Ронни понимала, что его появление рядом с ней на похоронах ее мужа выглядело бы вызовом всему обществу, полным безумием. Писаки не упустят столь благодатной почвы для злобных сплетен. И они будут навсегда пригвождены к позорному столбу.
И все же он был ей нужен. Она молча, но отчаянно звала его.
Ее отец Дейв Сибли, одетый в новый черный костюм, находился справа от нее, сестры Дебби и Лайза – слева. Дебби держала ее за одну руку, отец – за другую.
Дэн Осборн и его супруга, поджидавшая мужа в церкви, разместились рядом с Дейвом. Tea села рядом с Лайзой. Здесь же поместились Кэти и Майкл Блаунт. Они прекрасно знали, что рискуют навлечь на себя гнев хорошего общества, появившись в церкви в обществе прокаженной второй миссис Ханнигер. Больше к Ронни не приближался никто, за исключением охранников.
Она и ее близкие составляли как бы маленький остров, инородный в бурлящем вокруг океане.
Когда служба началась, Ронни закрыла глаза и стала мысленно прощаться с Льюисом. Он не был безупречным мужем, но он заслужил доброе прощание. Ронни вовсе не относилась к нему плохо; просто она не любила его.
Он не заслуживал смерти. Тем более такой смерти.
Ронни вздрогнула, потому что перед ее глазами опять встала жуткая картина.
Молись за нас, отче.
Она склонила голову и вместе со всеми нараспев повторяла слова молитвы, но не могла отделаться от ощущения, что все вокруг смотрят на нее. Даже во время молитвы она – бельмо на глазу у других людей.
Даже здесь, в церкви, она – пария.
– Осборн не должен был ее пускать!
Том смотрел репортаж о похоронах сенатора Ханнигера по большому телевизору, стоявшему в гостиной дома Кенни.
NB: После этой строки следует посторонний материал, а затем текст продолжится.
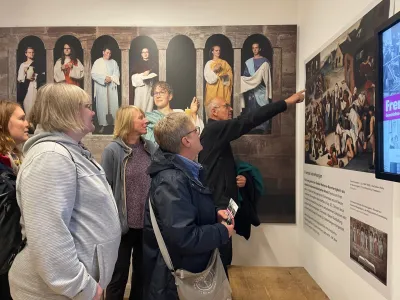 Erwachsene im Museum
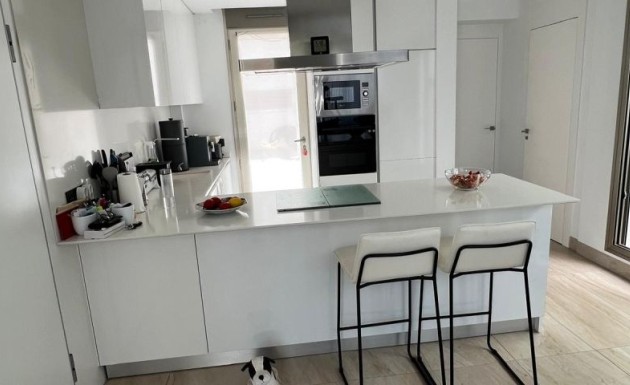 Перепродажа - Villa - Orihuela Costa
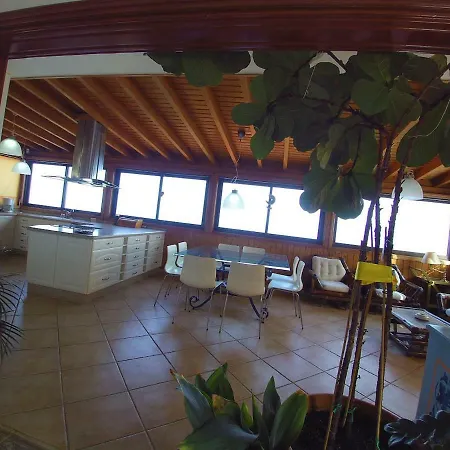 Vakantiehuis Primavera, Heatable Pool, Bbq, Free Wifi El Sauzal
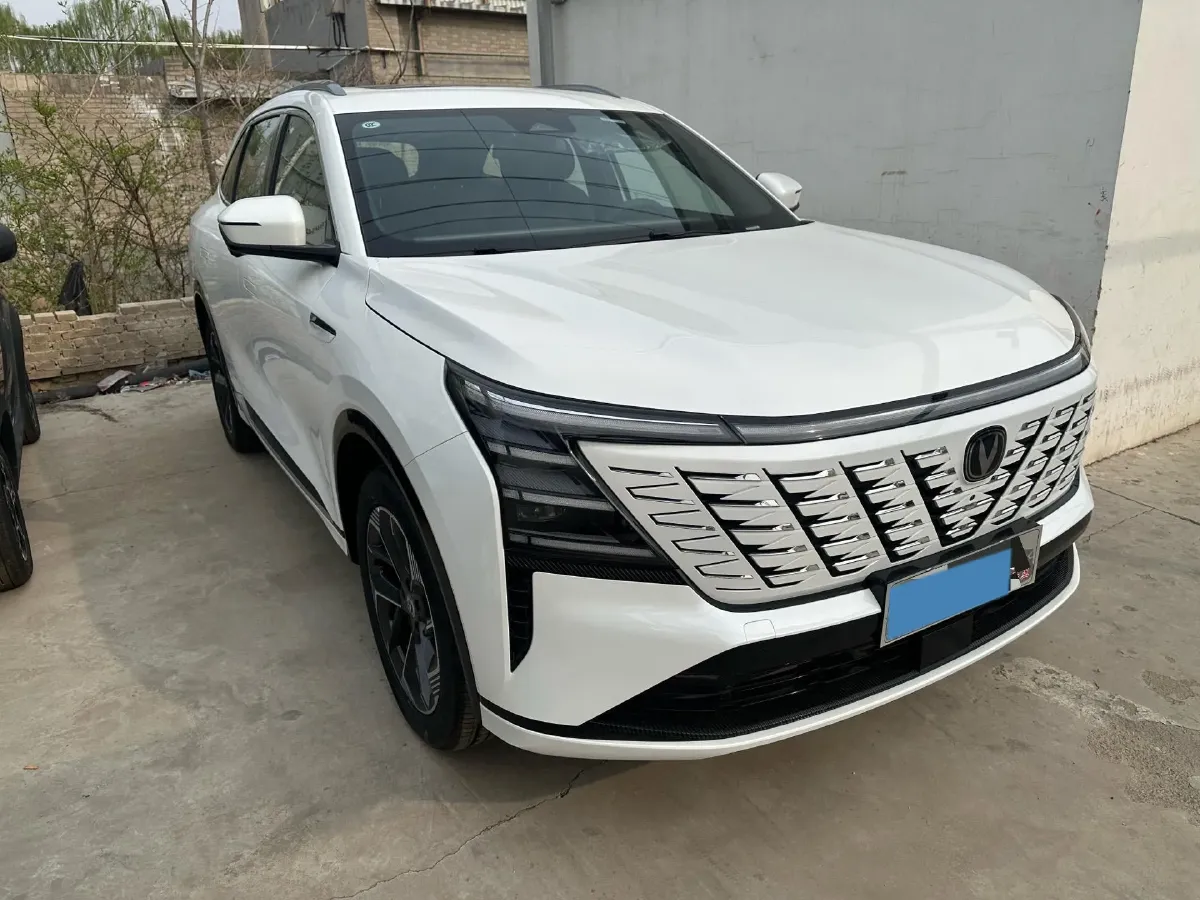 2025 ChangAn CS75 Plus 1.5T 188HP L4 8AT,autocango,china used car exporter,china ev exporter,chinese used car exporter,chinese used ev exporter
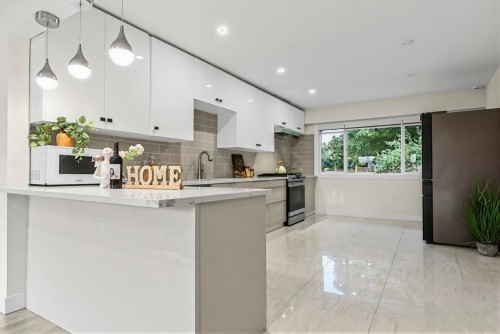 4936 Barker Crescent, Burnaby, BC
Сам Кенни находился здесь же. Он сидел на диване, тогда как Том стоял перед экраном и грыз кулак.
Ронни только что вышла из церкви после завершения службы. Едва она, опираясь на руку Дэна Осборна, спустилась по каменным ступеням на тротуар, жадные репортеры обступили ее, и охранявшим Ронни полицейским штата пришлось применить силу.
– Эй, смотри! Господи Иисусе, да уберите же их! Они ее сожрут!
На какой-то момент точеное лицо Ронни заполнило весь экран. Ее карие глаза обведены тенями. В углах мягких полных губ – залегли складки. Щеки бледны, как белая рубашка, и кажутся еще белее по контрасту с пламенеющими на ярком солнце волосами.
Лицо испуганное и в то же время пугающее.
– Невероятно, – пробормотал Том, вгрызаясь в собственный кулак.
Он должен быть сейчас там, с ней, и к черту Дэна. Нет, он должен быть там вместо нее, он должен принять весь ужас позора на себя.
Он сходил с ума, видя прилюдное унижение Ронни.
Наконец она добралась до лимузина. Дверца перед носом репортеров захлопнулась. Автомобиль тронулся.
Передача прервалась рекламой.
Том глухо выругался и отвернулся от экрана. Кенни с неодобрением смотрел на него.
– Помнишь, у меня в прошлом году был сердечный приступ? – заговорил он.
– Помню.
– Причина – нервное перенапряжение. Так вот, друг, ты сейчас нервничаешь побольше моего.
– А кто бы не нервничал на моем месте?
Он прошел в угол комнаты и опустился на обтянутое желтой материей кресло. На экране телевизора появились поющие коты, он бросил на них беглый взгляд, взял дистанционный пульт и отключил звук.
– Извини, Кенни, – сказал он, помолчав.
– Ничего. Думаешь, мне нравятся кошачьи концерты?
Шутка не удалась. Оба они слишком хорошо понимали, что Том имел в виду не телевизор.
Том мрачно посмотрел на Кенни.
– Дела только-только начали раскручиваться. Появились деньги. А теперь все опять летит к чертовой матери.